Casey Hill

Personal information
- Born: 1983 (age 42–43) Lawrence, Kansas, U.S.

Career information
- College: Trinity University (2003–2007)
- Position: Assistant coach
- Coaching career: 2010–present

Career history

Coaching
- 2010–2011: Tokyo Apache (assistant)
- 2011–2012: Santa Cruz Warriors (assistant)
- 2013–2017: Santa Cruz Warriors
- 2017–2018: Agua Caliente Clippers
- 2018–2020: Los Angeles Clippers (assistant)
- 2020–2026: New Orleans Pelicans (assistant)

Career highlights
- NBA D-League champion (2015);

= Casey Hill =

American basketball coach (born 1983)

Casey Hill (born 1983) is an American professional basketball coach who serves as assistant coach for the New Orleans Pelicans of the National Basketball Association (NBA). Hill previously served four years as the head coach for the Santa Cruz Warriors of the NBA Development League.

==Playing career==
Casey Hill played for Trinity University in San Antonio. During Hill's time as a Trinity player (from 2003–04 to 2006–07) the Tigers advanced three times to the NCAA Division III Playoffs. The 2004–05 team ended the season in the NCAA Div.III Elite Eight. Trinity also captured two Southern Collegiate Athletic Conference Championships with Hill as a player. Notably, Hill wore a t-shirt under his jersey for his entire college playing career.

==Coaching career==
During the 2010–11 season he served as an assistant basketball coach to his father – longtime NBA coach Bob Hill – for the Tokyo Apache. The Tokyo Apache were a basketball team that competed in the top-level Japanese professional League.

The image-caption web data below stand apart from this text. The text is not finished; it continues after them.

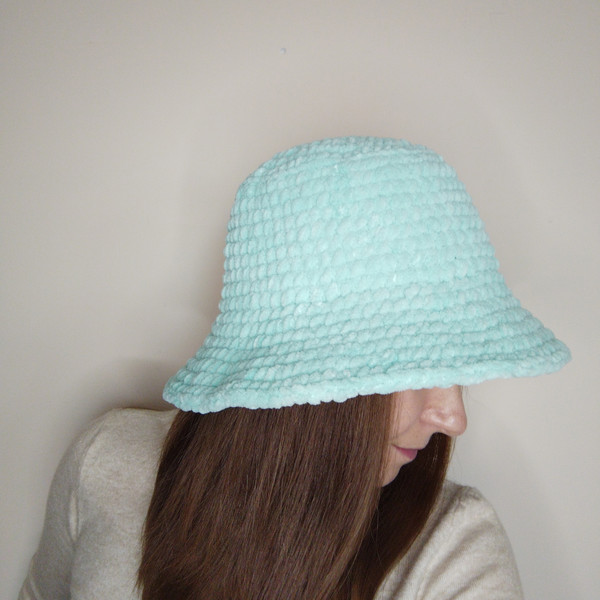 bucket-hat-hand-knit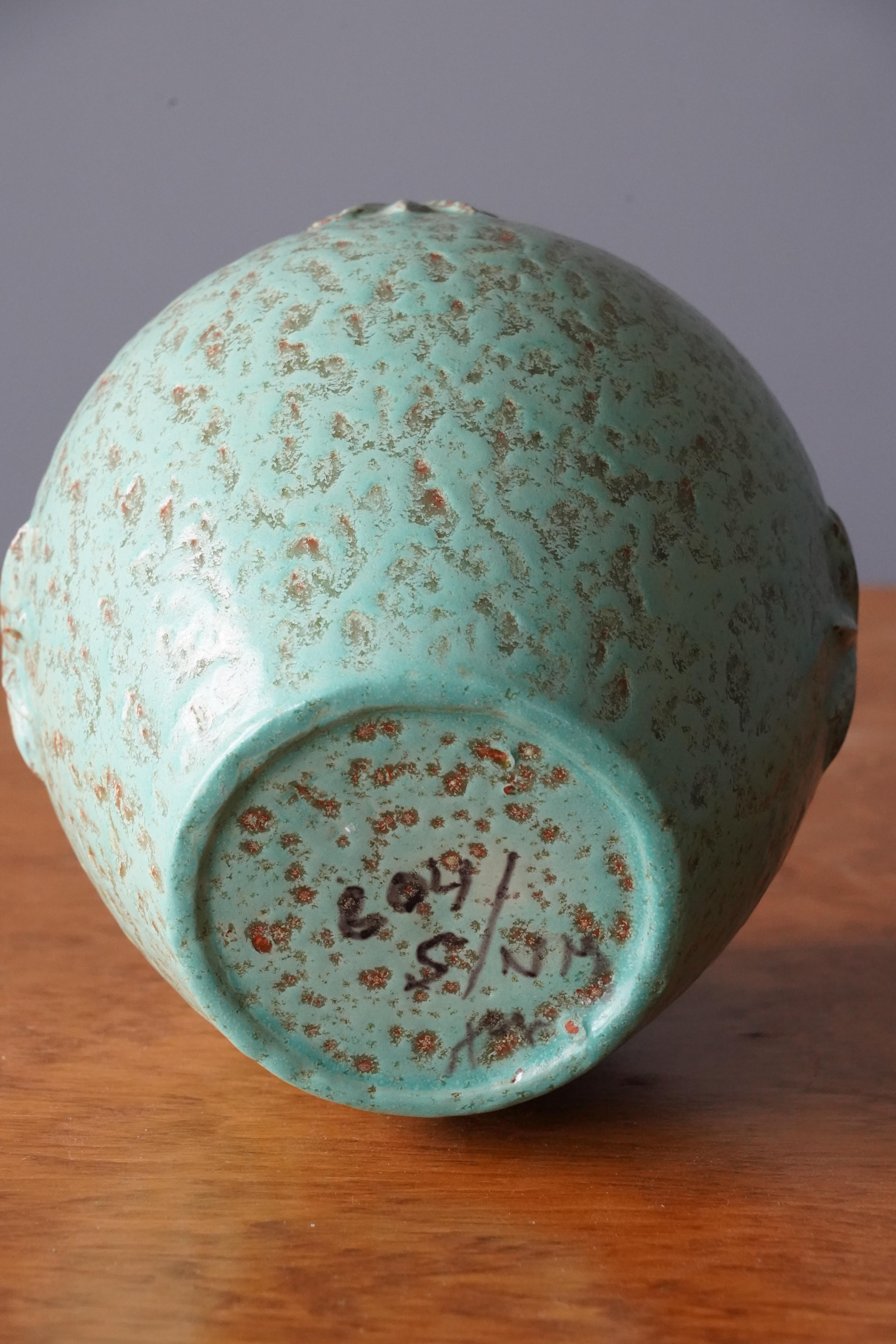 Jerk Werkmäster, Vase, Glazed Green Ceramic, Nittsjö, Sweden, 1940s In Good Condition In High Point, NC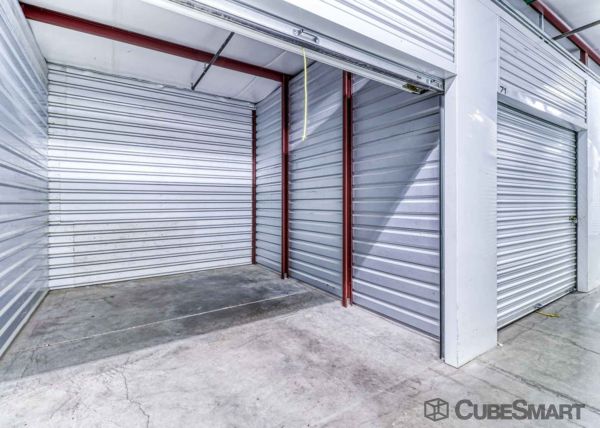 CubeSmart Self Storage - 1650 Crestdale Lane - 1650 Crestdale Lane
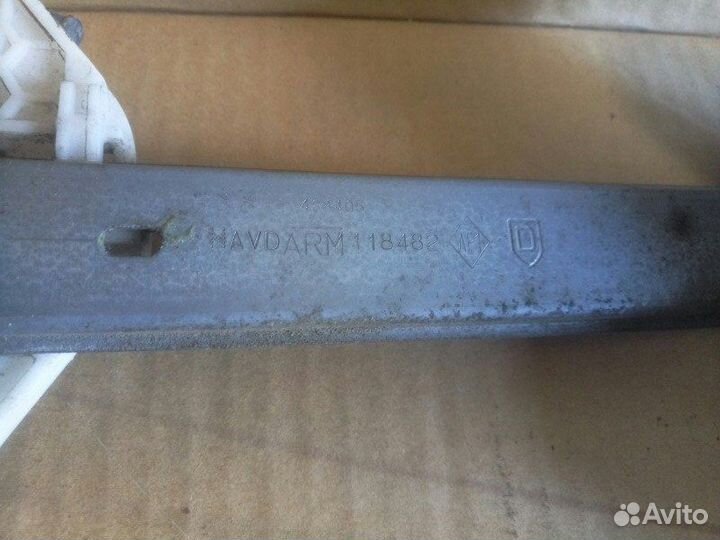 Стеклоподъемник передний правый Renault Logan 1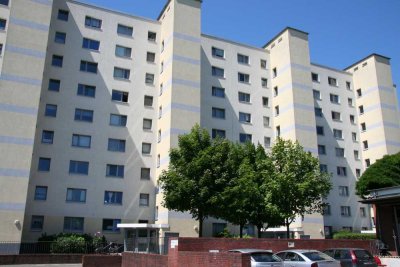 Schöne 1-Zimmer-Wohnung im 8. Obergeschoss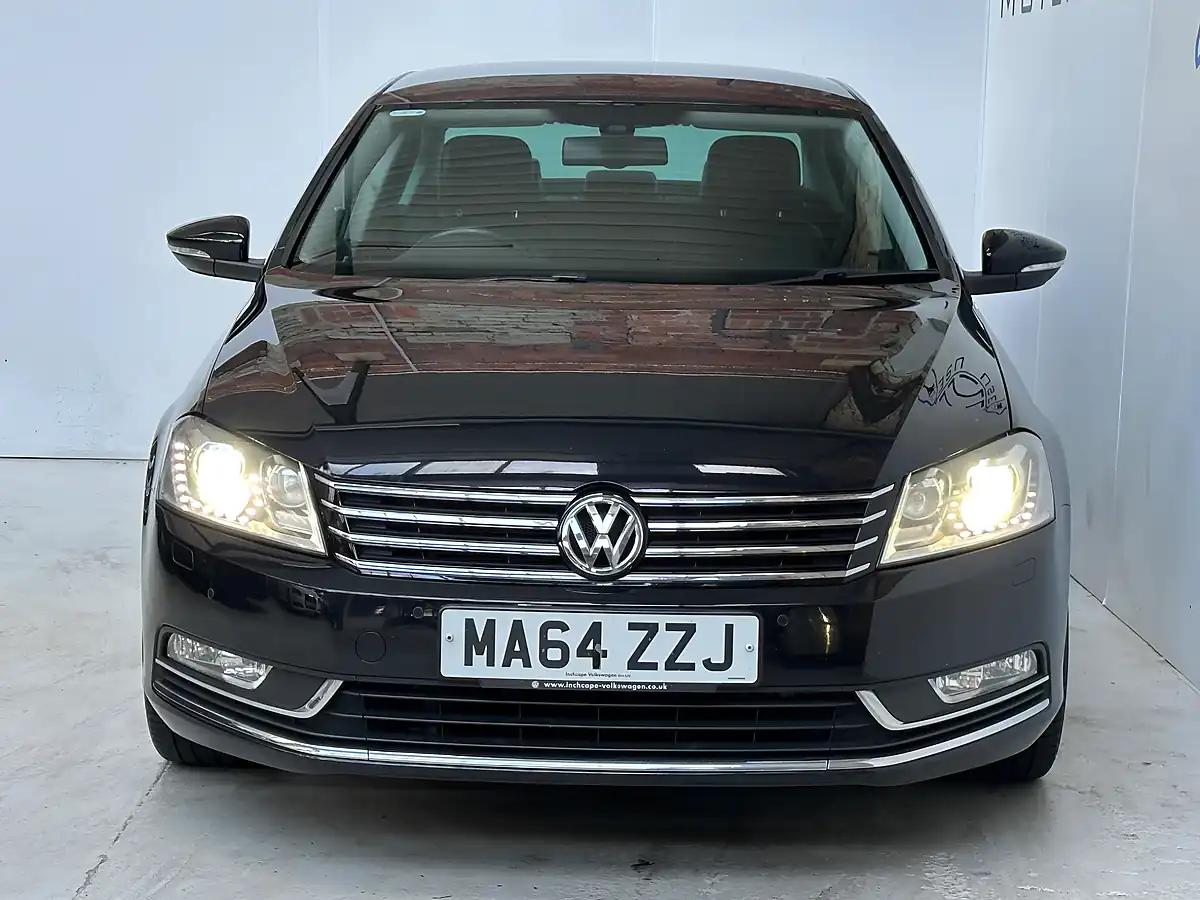 Used 2014 Volkswagen Passat Executive Style Black - Interior and Exterior details 2
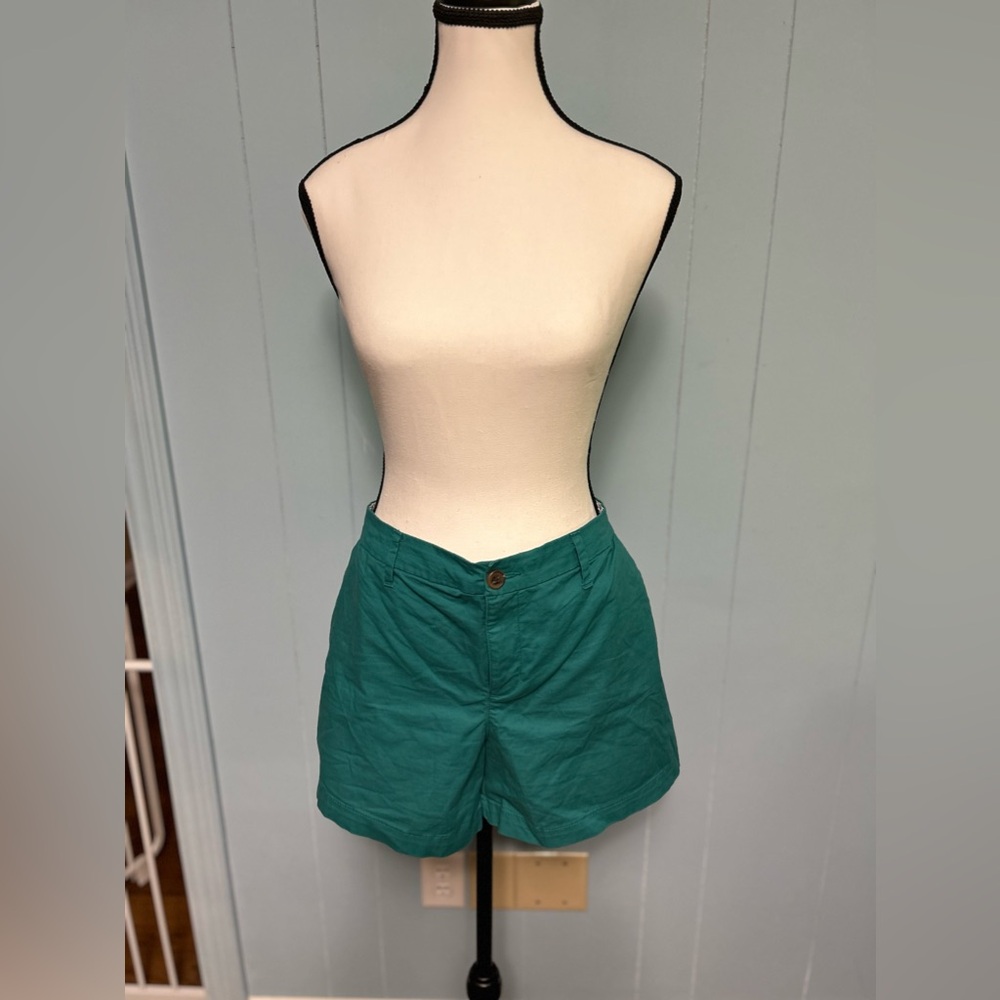 Emerald green chino shorts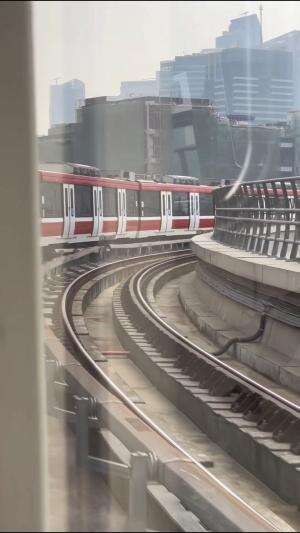 Sehat-sehat para pencari nafkah!

Detik-detik LRT Jabodebek melewati tikungan longspan terpanjang menyebrangi kawasan Kuningan dan Pancoran 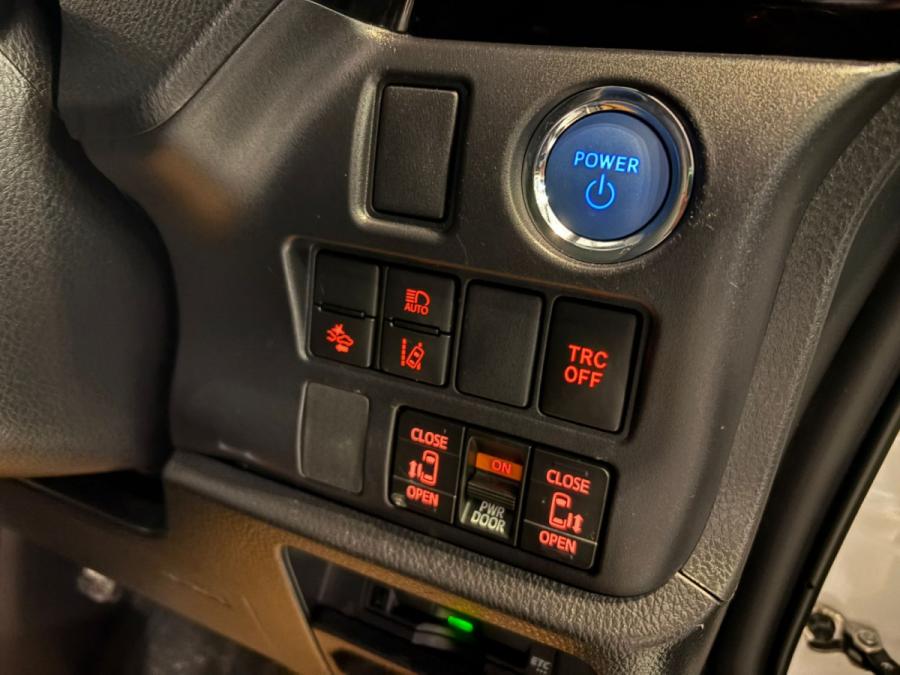VOXY HYBRID ZS煌III - Image 13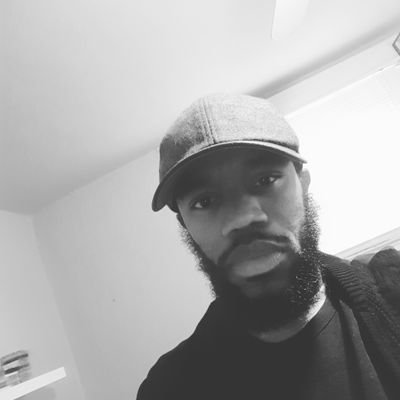 Profile Picture of V• (@VinceCharles_84) on Twitter
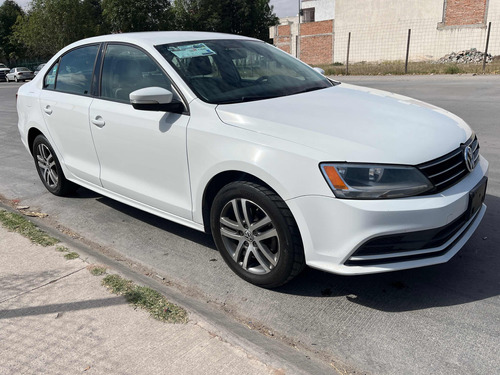 Volkswagen Jetta 2.5 Trendline At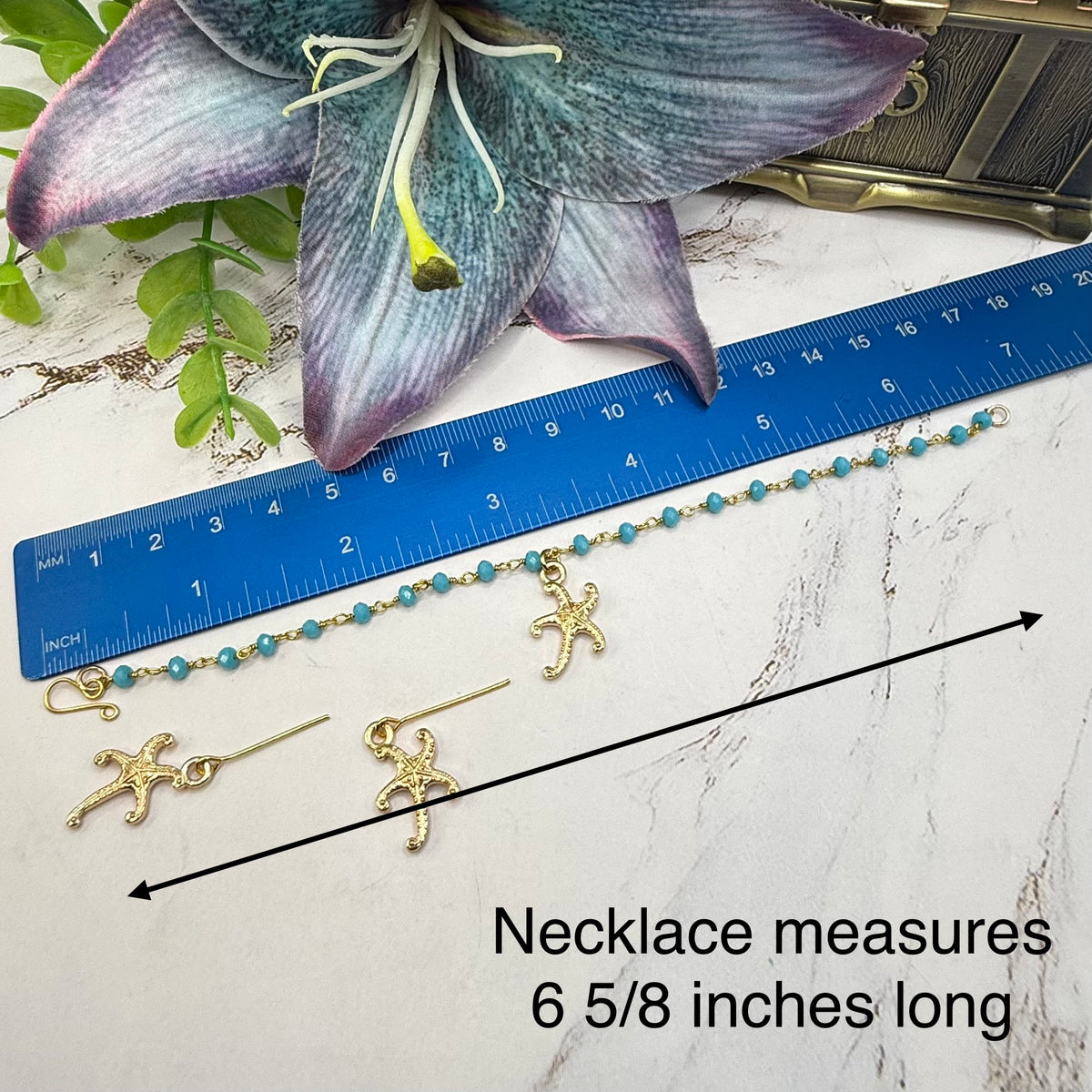 ✨Handmade Doll Jewelry Designed to Fit popular 18 Inch Fashion Dolls: add a little “Summer Fun ☀️ Beachy Style 🏝️” to your favorite doll!✨

Gold Starfish Charm Turquoise Blue Glass Beaded Doll Necklace & Earrings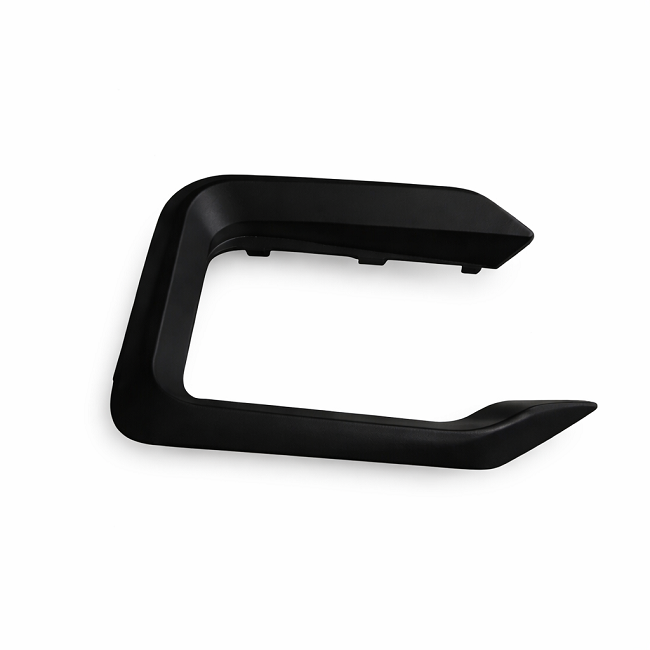 MOLDURA TAPA NEBLINERO LADO IZQUIERDO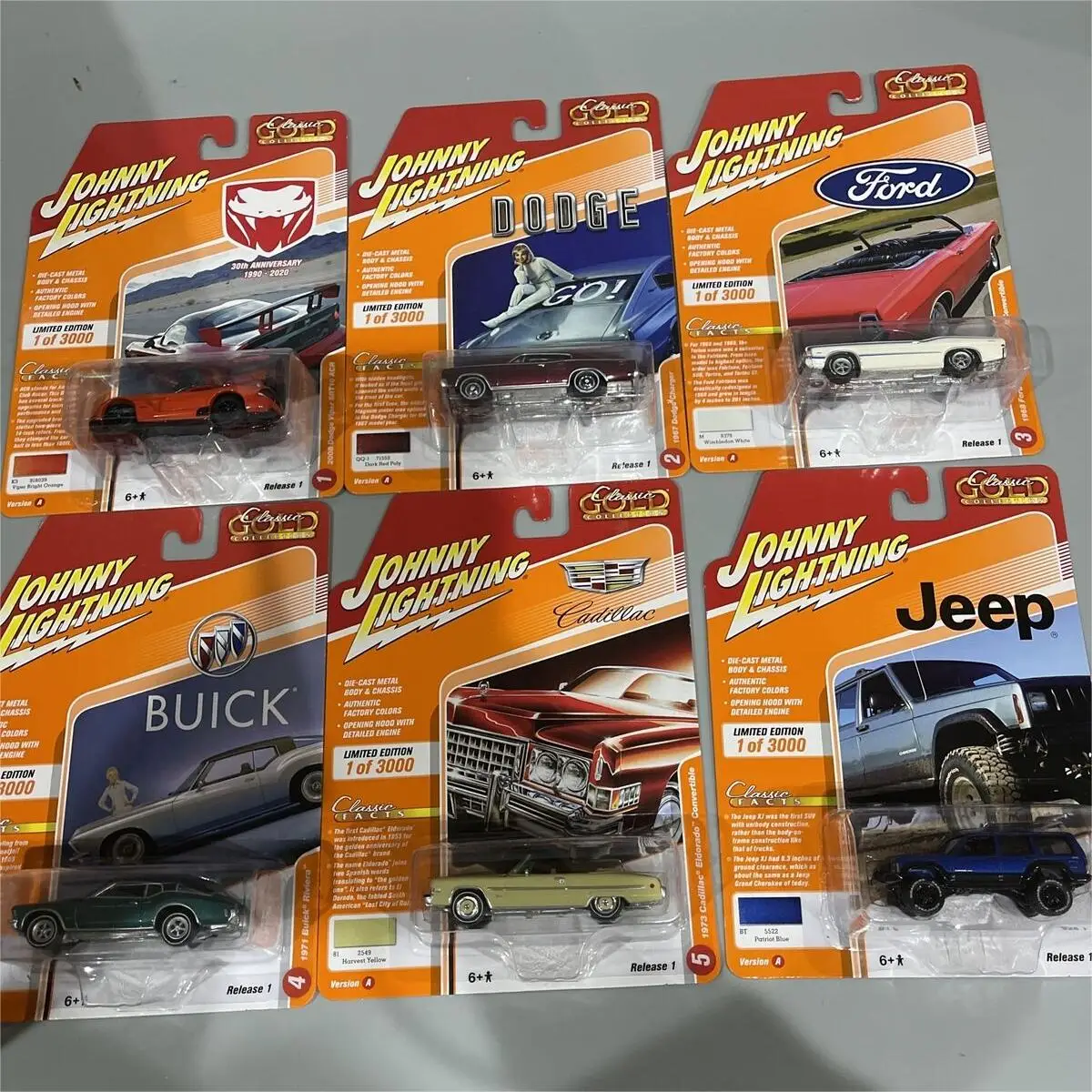 Set Johnny Lightning 1/64 - 6 Modèles James Bond 007 (261-02) - Diecast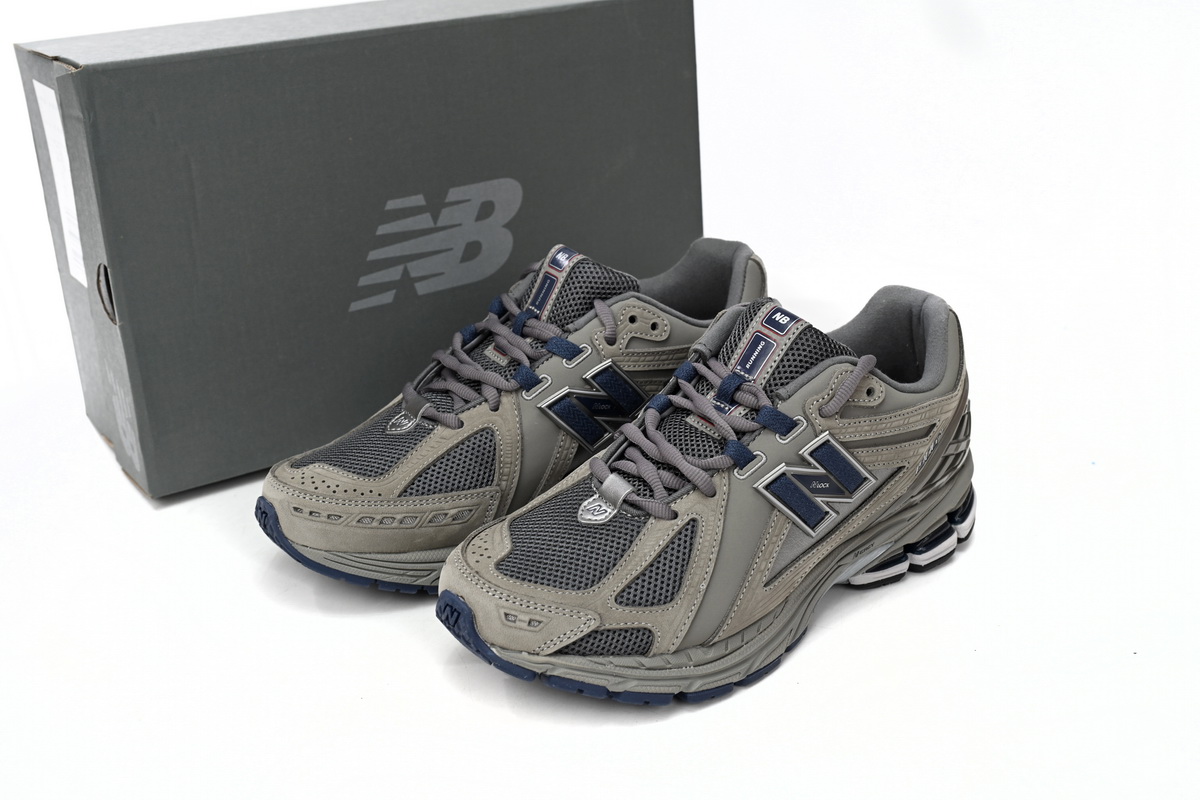 NEW BALANCE grey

The Golden State Warriors hired Hill in 2011. During the 2011–12 season he worked as an assistant coach for the Tokyo Apache. In 2012–13 Casey served as an assistant coach for Santa Cruz Warriors. In 2013, he became the head coach for the Santa Cruz Warriors. In 2015, Hill led Santa Cruz to the NBA Development League Championship. In 2017, Hill was hired as head coach by the Agua Caliente Clippers.

On August 1, 2018, Hill was hired by the Los Angeles Clippers as an assistant coach.

On November 16, 2020, Hill was hired as an assistant coach by the New Orleans Pelicans. On April 17, 2026, it was announced that Hill would not return to the Pelicans' staff for the 2026–27 NBA season.

==Personal life==
Hill's father is Bob Hill, a college, NBA, and international basketball coach. Hill has two brothers. The oldest, Cameron, is currently the head women's basketball coach at Trinity University in San Antonio and is the owner of CHB, specializing in player development and team training. The other brother, Chris, is the head basketball coach at Jesuit College Preparatory School of Dallas.